Solomon Northup lives with his wife and two kids in Saratoga Springs, NY, where the four get along surprisingly well on only a violinist’s salary. One bright day-in-the-park, two well-dressed and unassuming men approach Northup, offering him a two-week gig in Washington. Solomon accepts, graciously, and leaves with the men that evening. We see the three wining and dining at an expensive-looking restaurant during the night, Northup wholeheartedly enjoying both meal and company. But the next morning Solomon wakes up in chains.
It’s a dark, damp room, exactly as one might imagine it. Blue and gray. Two white men enter on a confused Northup. One man pulls a lever and Northup, standing, thuds swiftly to the floor while the other man handles a bludgeon, proceeding to beat Northup senselessly, repeatedly on the back with no discernible intention of stopping. Northup is put on the market, and sold to a plantation near New Orleans, a place where mossy growths dress the tall, seemingly dead bayou trees like flayed flesh set out to dry.
Whipping, corn-husk dolls, cotton and a violin; what follows is a nightmare of a story, accented literally with blood, sweat and tears, but perhaps lacking the sense of accomplishment and productivity those three are typically associated with.
Steve McQueen’s direction, though not particularly daring, lends itself to a film that captures the irresolvable dissonance that plagued the whole slavery episode, the constant struggle between the inherent inhumanity of the subject, and the drive of the slaves to find meaning in their lives
McQueen is clear, concise and for the most part unforgiving, not wasting time on any unnecessary shot — admirable considering the film’s 134-minute runtime — and placing appropriate weight on slavery’s many horrors.
Of particular interest is McQueen’s use of long, drawn-out shots, which introduce a sort of deadpan irony to the film’s many horrors. In one of these scenes, Northup is about to be hanged on an old plantation tree by some angry white men. The three pull one side of the rope and on the other Northup is hoisted by the neck in the air. The men are stopped by a white man of higher authority, and Northup hangs there for what must have been at least a minute, toes barely touching the ground, almost still as he attempts to let himself down. Other slaves move across the shot behind him, going about business as usual.

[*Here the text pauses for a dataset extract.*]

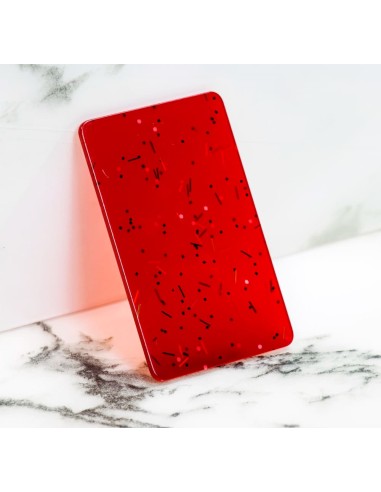 Metacrilato Confeti Rojo translúcido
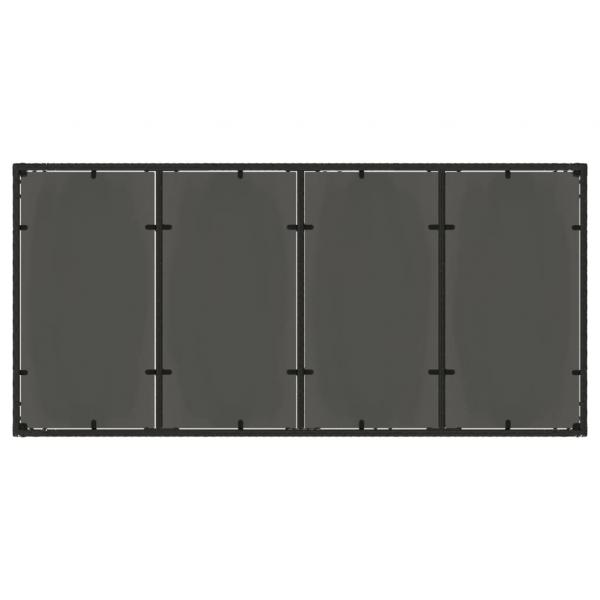 Gartentisch mit Glasplatte Schwarz 190x90x75 cm Poly Rattan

Does “12 Years A Slave” deserve to win “Best Picture” at The Oscars? No. It is a truly moving picture, with dreadfully convincing acting, efficient directing and a tear-jerking ending for the books, but the film’s appeal is ephemeral. In many ways the film would have been more permanently moving had our protagonist died at the whipping post and some valiant assertion of his or someone else’s humanity.
As it is, however, Solomon Northup survives after 12 years — not a spoiler, indicated by the title — and, like him, the viewer is returned to the comfort of the civilized world. This ending is, I think, a disrespect to those — the majority — who never were returned to their families, who died like animals, uncared for and overwhelmed with pain, without purpose or home, sad and alone. May they rest in peace. But this is also a disservice to an audience, who is now deprived of thought. The audience is not forced to think further about the horrors of the Antebellum South. The filmmakers allow them to view, then move on, which is, I think, this film’s biggest failing.